I Cpt vanno chiusi non gestiti
Abbiamo seguito su il manifesto lo scambio di lettere tra Loris Campetti e Giuliano Poletti (presidente di Legacoop), successivo all'assegnazione della gestione del cpt di Lampedusa a due Cooperative aderenti a Legacoop. Ci sembra necessario che noi, che tanto abbiamo investito, insieme alla Rete antirazzista siciliana, nella lotta per la chiusura dei cpt, a partire da quello di Lampedusa, diciamo oggi la nostra.
Poletti sostiene che «finché i cpt esistono è chiaro che debbono essere gestiti», ma il problema non è chi gestisce meglio questi luoghi e non è neanche la loro qualità, né se sono puliti o sporchi, belli o brutti. Il problema non è neanche il nome di queste strutture, quindi apprezziamo l'onestà con cui Poletti continua a chiamare «cpt» la struttura di Lampedusa, che resta sempre una struttura detentiva, nonostante sia stata declassata a Centro di Soccorso e Prima Accoglienza.
Per noi il problema continua a restare l'esistenza dei cpt, cioè di strutture di detenzione amministrativa, in cui sono recluse persone che, è sempre bene ricordarlo, non hanno commesso alcun reato. Ed è proprio su tale punto che l'ipocrisia di Legacoop emerge in modo lampante, quando insiste sulla mistificazione di queste strutture come luoghi in cui «garantire ai clandestini che arrivano nel nostro paese un'accoglienza degna di questo nome». Ma che «accoglienza» è quella in cui l'accolto viene privato della propria libertà personale? Questa si chiama detenzione. Altro che «metter al centro delle proprie attività la persona e le sue esigenze». Poletti aspira a «dare il miglior sostegno possibile a persone in condizioni di estrema debolezza e difficoltà», facendo così confusione tra causa ed effetto di queste condizioni, prodotte proprio dalla «clandestinizzazione» dei migranti di cui i cpt sono strumento cardine. Che almeno si dica esplicitamente che il tabù sui cpt è stato tolto e che con il governo di centro-sinistra non è più uno scandalo gestirli. Anzi, è anche troppo facile leggere la contiguità tra la scelta di Legacoop e la strategia complessiva di legittimazione di questi luoghi, quella del «superamento», messa in atto dal governo Prodi che, tramite la Commissione De Mistura, ha improvvisato una catena di voli pindarici, per decretare l'inutilità dei cpt e contemporaneamente il loro mantenimento.

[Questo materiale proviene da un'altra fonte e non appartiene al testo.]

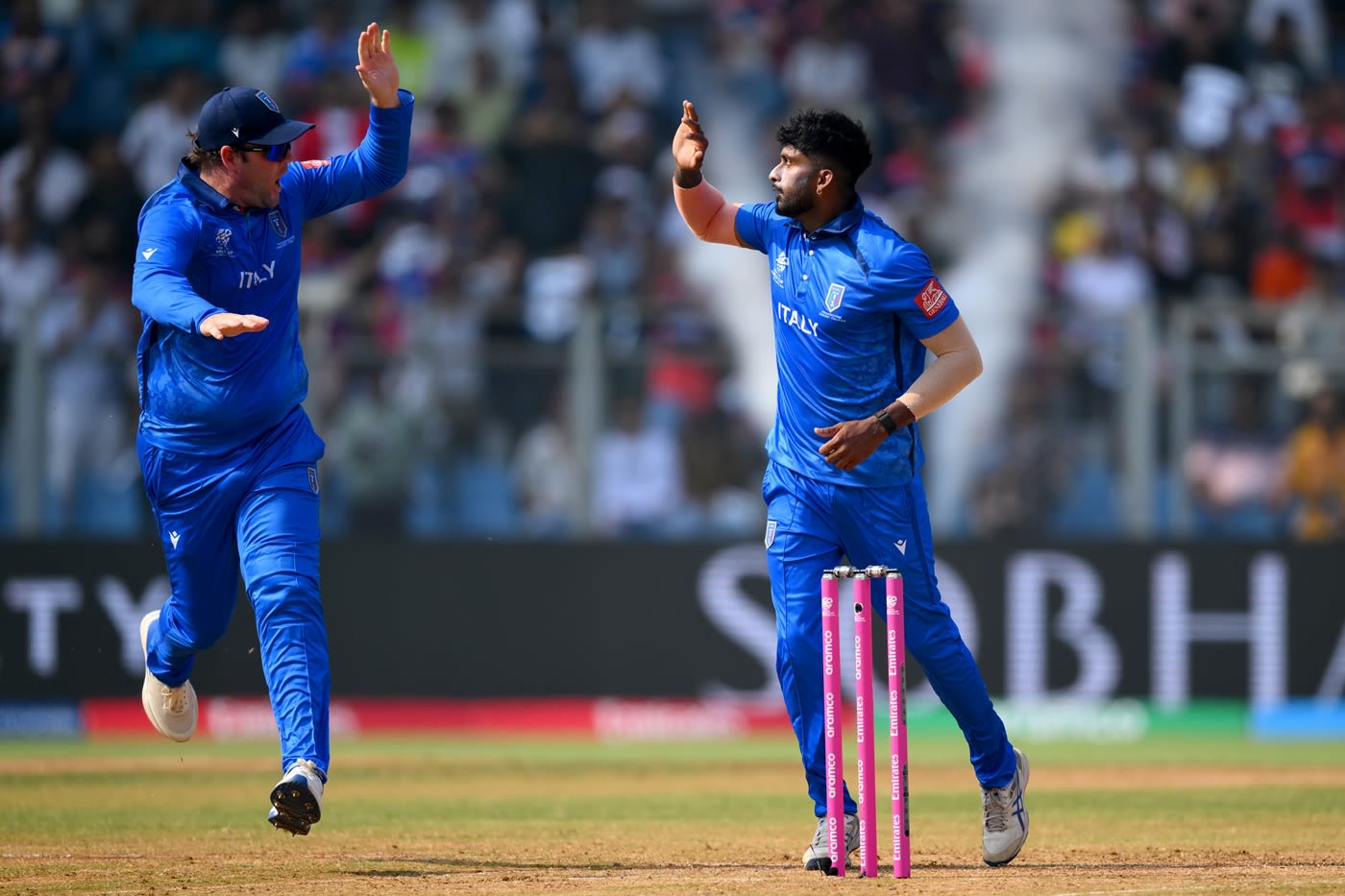 Crishan Kalugamage celebrates a wicket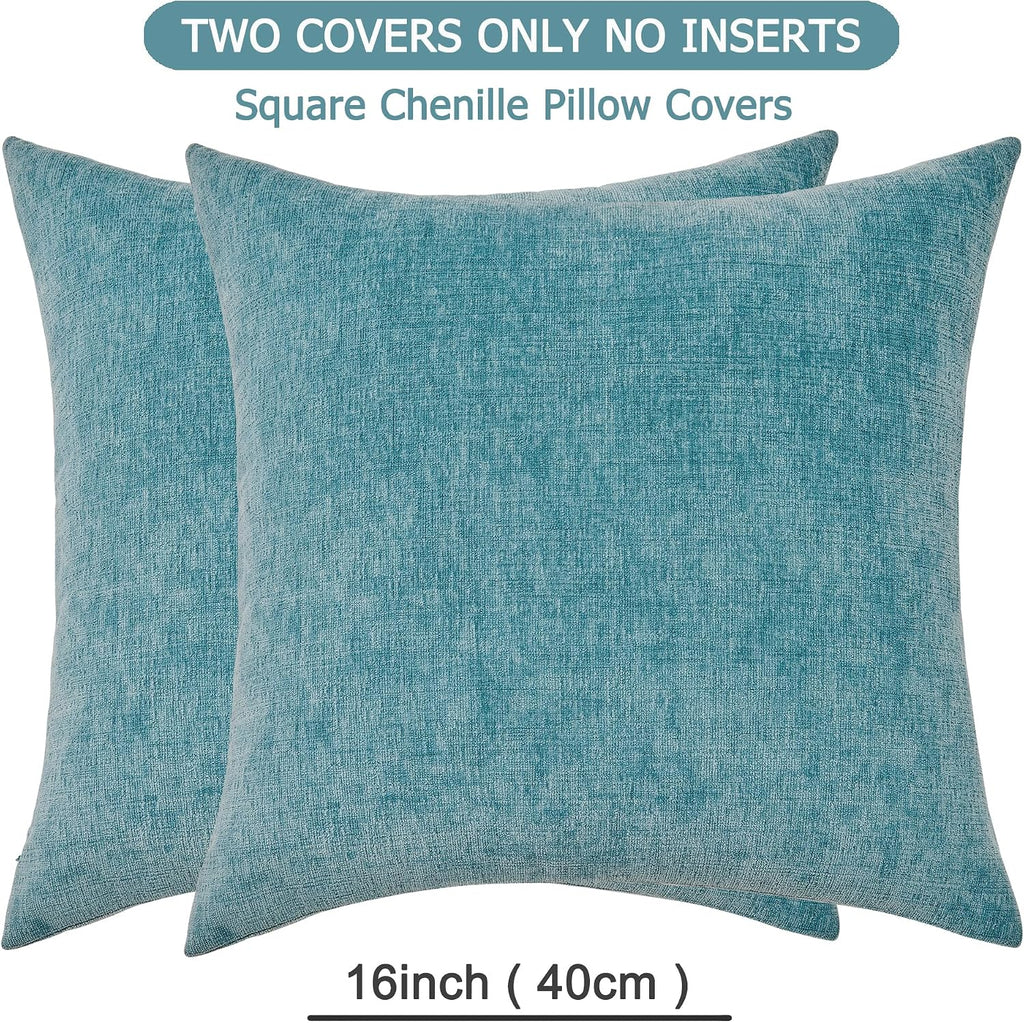 Gawamay Decorative Throw Pillow Covers 16x16 Inch Set of 2, Super Soft Chenille Square Pillows Farmhouse Fall Pillowcase for Living Room Be…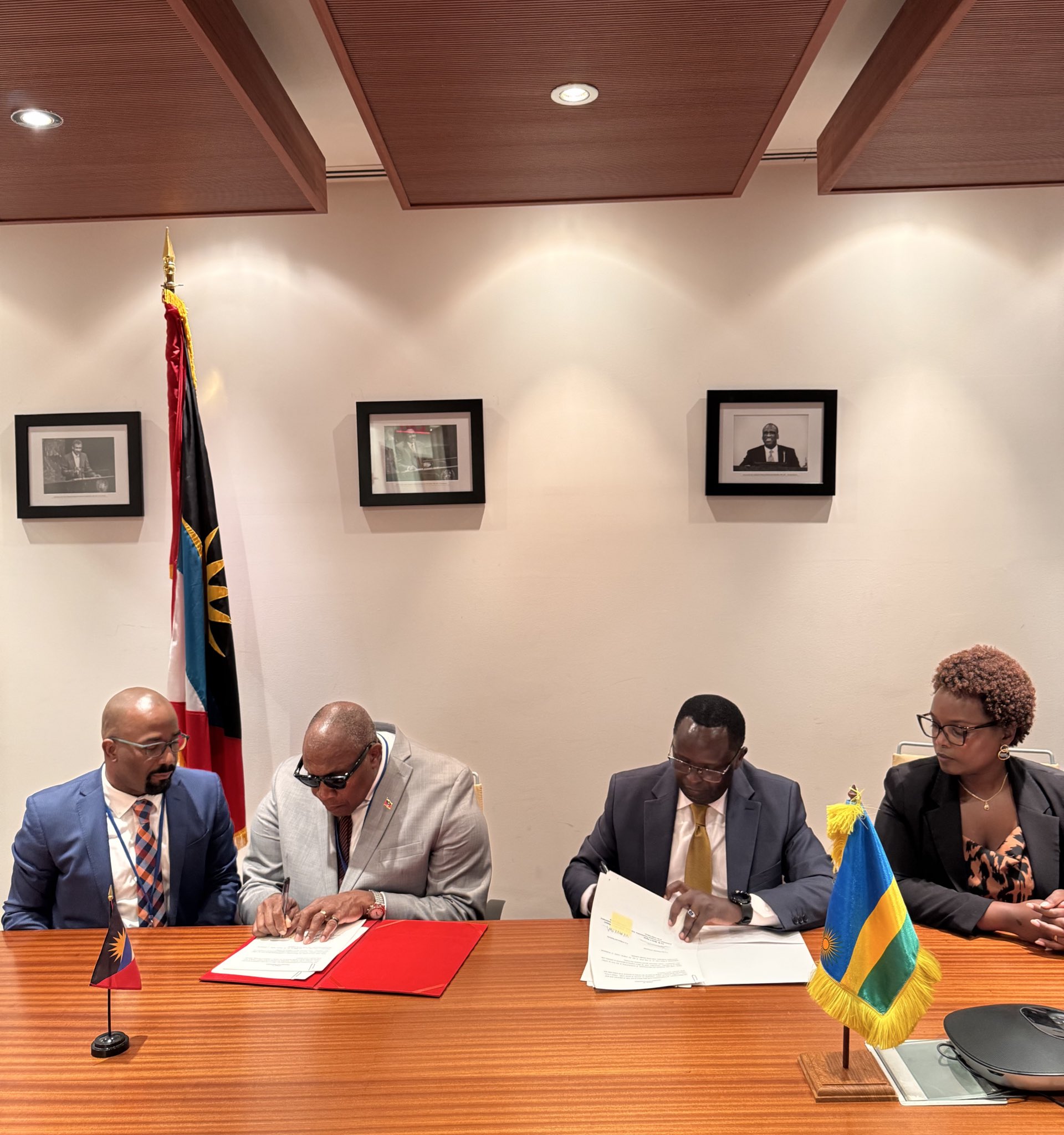 Rwanda’s Permanent Representative to the United Nations, Ambassador Martin Ngoga, and Antigua and Barbuda’s Permanent Representative, Ambassador Walton Webson, signed the agreements on behalf of their respective countries.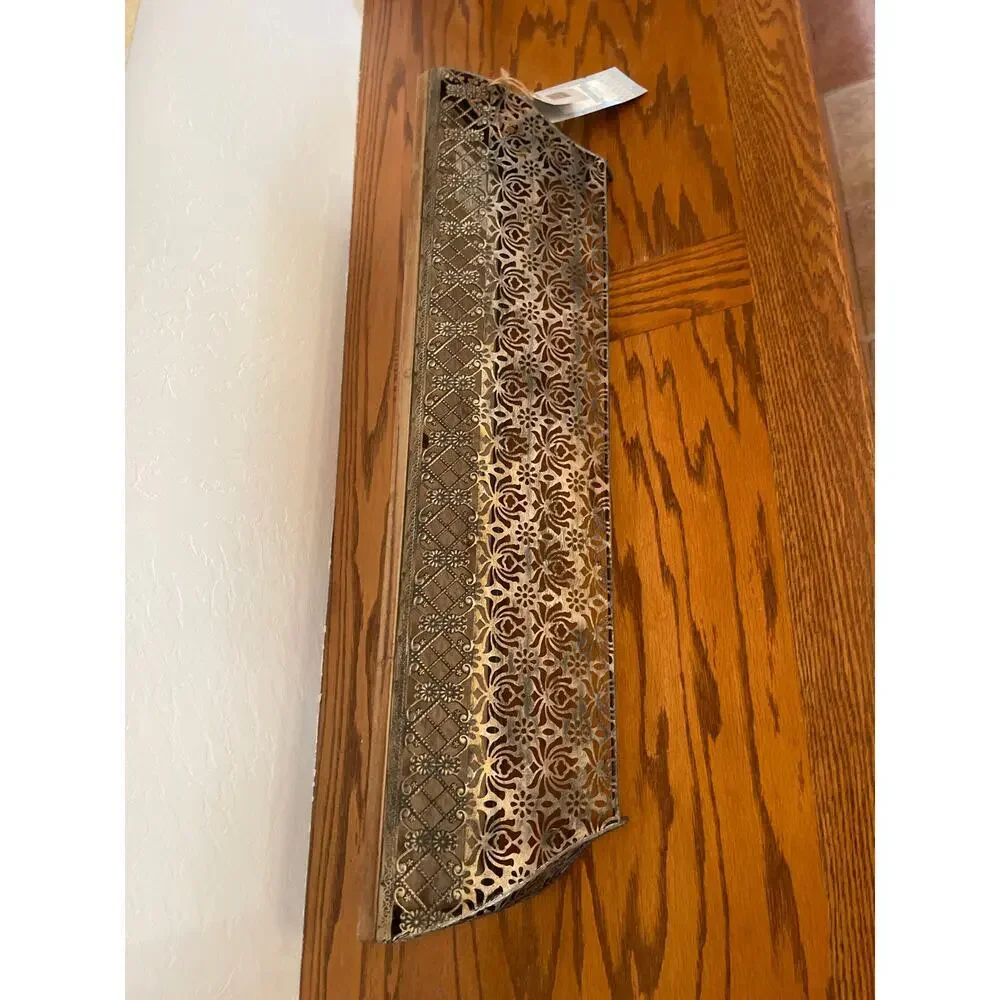 Belle Maison Decirative shelf Bronze tone metal with rustic wood top - Picture 3 of 6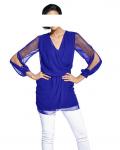 Designer-Chiffonbluse royalblau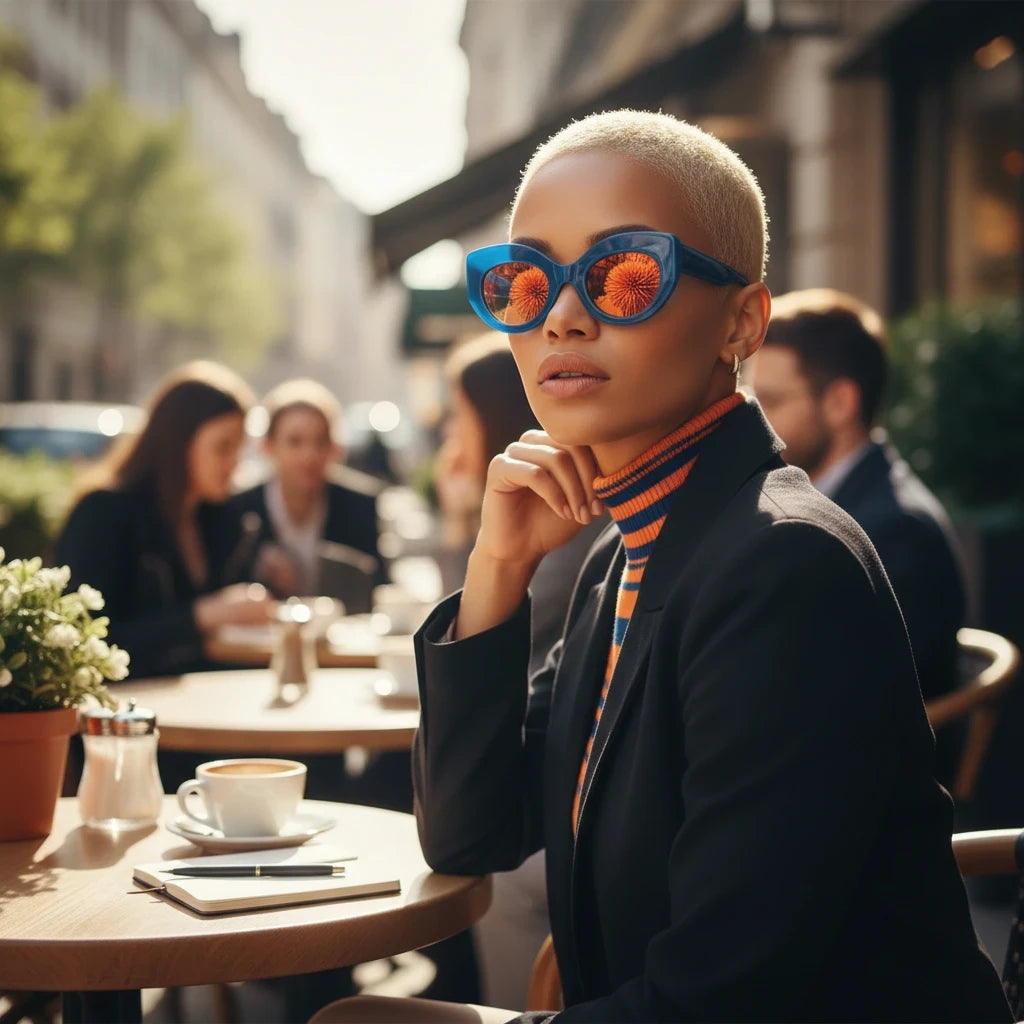 PURETE model wearing blue cat-eye sunglasses with orange reflective lenses while sitting at an outdoor cafe table.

Nessuno parla bene di questi luoghi, nessuno li vorrebbe, nessuno sa giustificarne l'esistenza, ma va a finire che tutti li accettano. Poletti afferma di conoscere bene «le polemiche sul cpt di Lampedusa»; intanto bisogna dire che hanno investito i cpt in tutta Italia indistintamente da Trapani a Milano, da Bari fino a Gradisca (quest'ultimo, gestito dalla cooperativa Minerva anch'essa di Legacoop, oggetto di ripetute contestazioni). Ma le «polemiche» non erano sul loro funzionamento, ma sulla loro natura.
Quando siamo stati a manifestare a Lampedusa e davanti agli altri cpt, quando abbiamo manifestato contro le Misericordie, quando abbiamo denunciato e documentato le deportazioni verso la Libia e le violazioni anche dei diritti più elementari, il punto centrale delle nostre proteste è sempre stato che si tratta di luoghi di «sospensione del diritto». Luoghi in cui tutto trova una giustificazione nella «straordinarietà» del momento che fonda l'«ordinarietà» di questi luoghi. Poletti conclude addirittura parlando della «necessità di combattere il 'pensiero unico': l'idea cioè di un'economia retta soltanto dal profitto e dalla competizione; di un mercato dove c'è spazio solo per l'impresa capitalistica».
Poletti allora non coglie che il cpt rappresenta, parafrasando Agamben, il Nomos dell'impresa capitalistica, il luogo in cui si istituisce giuridicamente il dominio del «pensiero unico» e in cui si pongono le basi per il profitto e lo sfruttamento. Così, a chi afferma che «finché esistono questi posti vanno gestiti», noi rispondiamo che finché esistono questi posti continueremo a lottare per la loro chiusura.